Brackets  |  Dash |  Ellipses | Hyphen
Notes |  Bibliography

Brackets [ ]

Brackets are used to interject or set aside other text, and as a general rule the font face should match the surrounding text “rather than the material they enclose” (Chicago 241). That said, I sometimes adjust that, particularly if the fonts fit awkwardly together or I directly address the reader (see below).

Note: Parentheses are sometimes called round, oval, or curved brackets. There is a separate page for them.

1. Use brackets to add editorial content. When, for example, no date is given for a website or other publication, bibliographic citations explain that with [n.d.] for ‘no date’. [Does this make sense to you? -bd]

2. Use brackets to add material to quoted text.

Full quote: “Use four points to indicate any omission between two sentences; the first point indicates the period at the end of the first sentence quoted and the three spaced ellipses points follow.”

Shortened quote: “Use four points to indicate any omission between two sentences … [T]he first point indicates the period at the end of the first sentence quoted ….”

Use ellipsis and a bracketed capital (e.g., “[T]he fox in the hen house.”) to indicate that the text has been changed by the quoting author from one sentence to two.

Note: The Chicago Manual of Style (CMS) suggests the use of an ellipsis for any omitted word, phrase, line, or paragraph from within but not at the end of a quoted passage. They would leave off the ellipses after the word quoted above.

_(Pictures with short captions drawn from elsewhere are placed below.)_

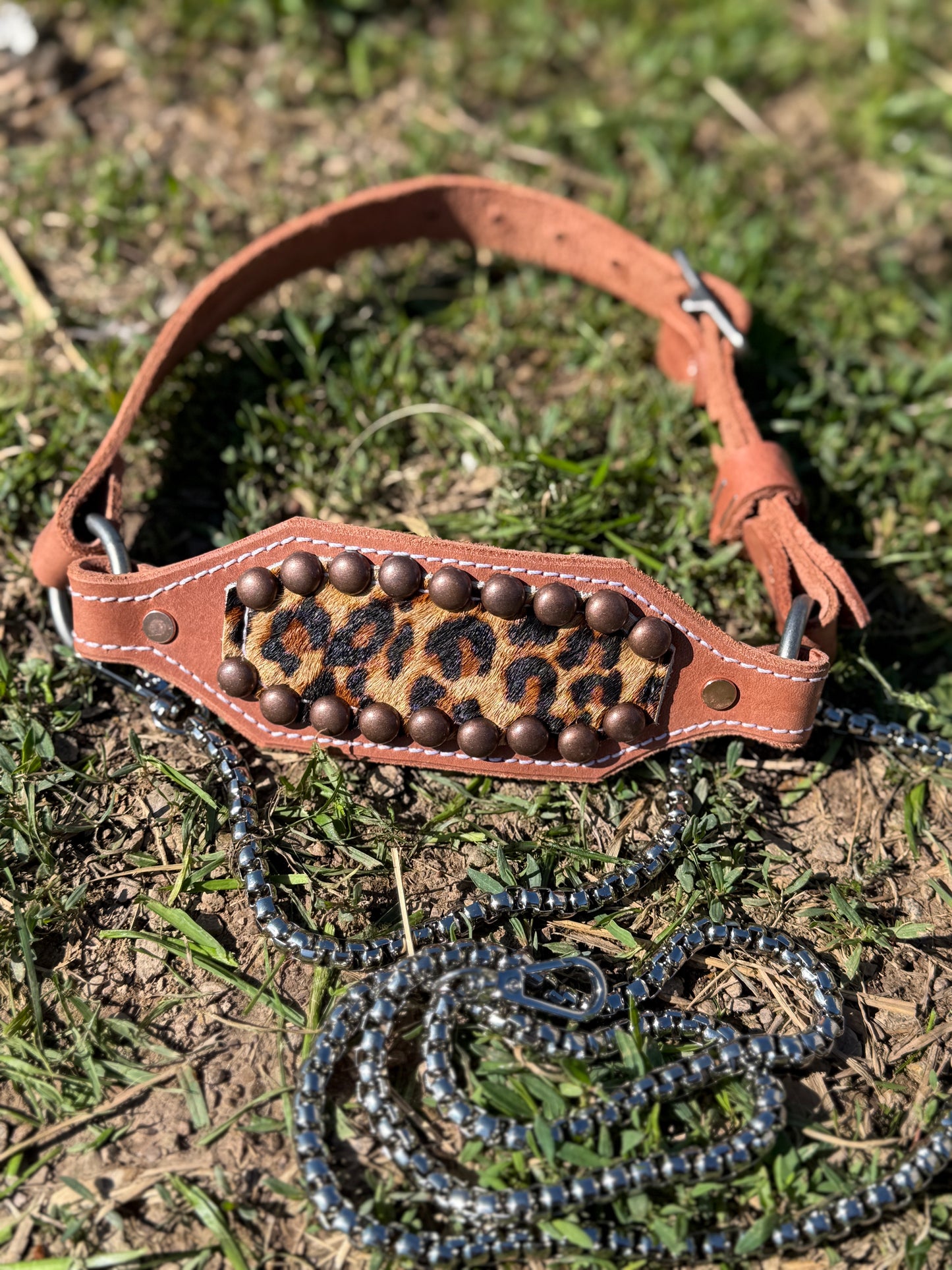 Leopard Lamb/Goat Halter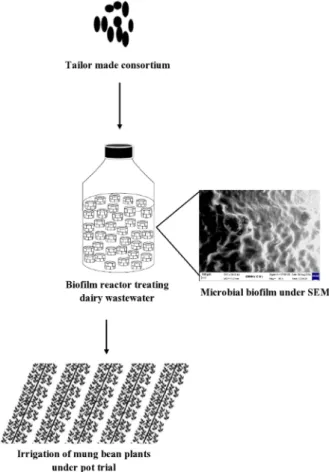 Fig. 4. A schematic diagram summarizing the author’s strategy for bioremediation and zero liquid discharge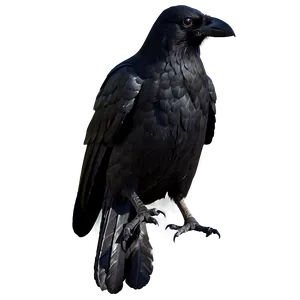 Halloween Crow PNG 04292024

3. In translation, use square brackets to add a word or phrase to ensure clarity (i.e., avoid ambiguity).

Green check mark  The French are well informed [au fait] on the use of truffles in seasonal dishes. [Remember to italicize foreign words. -bd]

Green check mark “They [the senior class] planted the trees around the mall,” the principal explained.

4. Angle brackets < > are sometimes used to set off URLs and e-mail addresses. This should be avoided unless your discipline’s style sheet expressly mandates it. MLA has not used angle brackets (or web addresses) in Works Cited entries since 2009. Instead, if the material is to be mounted online, make a live link. Otherwise, if the item is correctly cited, the reader can easily google it.

5. Curly brackets { } are most often used in math, computer programming, and physics. In general, omit them in other writing. Curly brackets indicate a series of equal choices. Example: My cats prefer their catnip in small stuffed toys {bunny, carrot, mouse, guitar} and lick them to extract the ‘nip.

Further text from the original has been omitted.